Optimizing the Visible Light Degradation of Methylene Blue Dye Using UiO-Series Metal-Organic Frameworks

Abstract

Wastewater pollution has become a globally problematic issue, increasing the need for more efficient and sustainable methods of aqueous pollutant removal. Photocatalysis using metal-organic frameworks (MOFs) has emerged as one such method, where MOFs absorb light energy to degrade pollutants. Current MOF-based photocatalytic applications typically involve UV irradiation, which is energy-intensive and costly; as such, optimizing MOFs for visible light usage is much more desirable. This study investigated three strategies to optimize the visible light degradation efficiency of the zirconium-based UiO-series MOF (UiO-66 and UiO-67) for the degradation of a model wastewater pollutant, methylene blue dye. These strategies included: 1.) crystal size alteration, 2.) pore size expansion via linker modulation, and 3.) secondary metal (Cu) incorporation.
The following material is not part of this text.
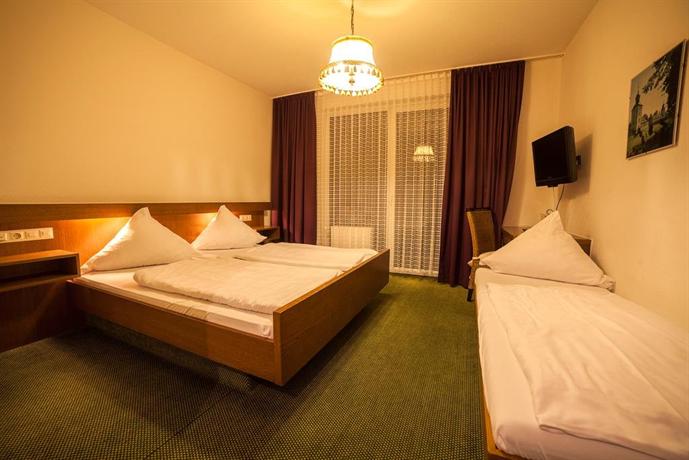 Aktiv Hotel Winterberg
Crystal size alteration and secondary metal incorporation were found to be relatively ineffectual for enhancing visible light photocatalytic effects, mostly due to small particle agglomeration tendencies inherent to the former and independent Cu dendrite depositions inherent to the latter. Linker modulation through the use of UiO-67 rather than UiO-66 was found to be a more effective and promising strategy due to UiO-67’s strong initial adsorptive properties and increased pore sizes that allowed for improved internal active site usage. Synergistic explorations, in which the above three strategies were combined and tested in tandem, were additionally found to be mostly unavailing for enhancing degradation efficiency in the context of this study, mostly because of difficulties related to crystal size syntheses as well as due to Cu incorporation’s lacking effect. Based on the body of this work, future research strategies focused on prolonging the use of MOF internal active sites were deemed to have the most potential for improving photocatalytic degradation efficiency under visible light irradiation.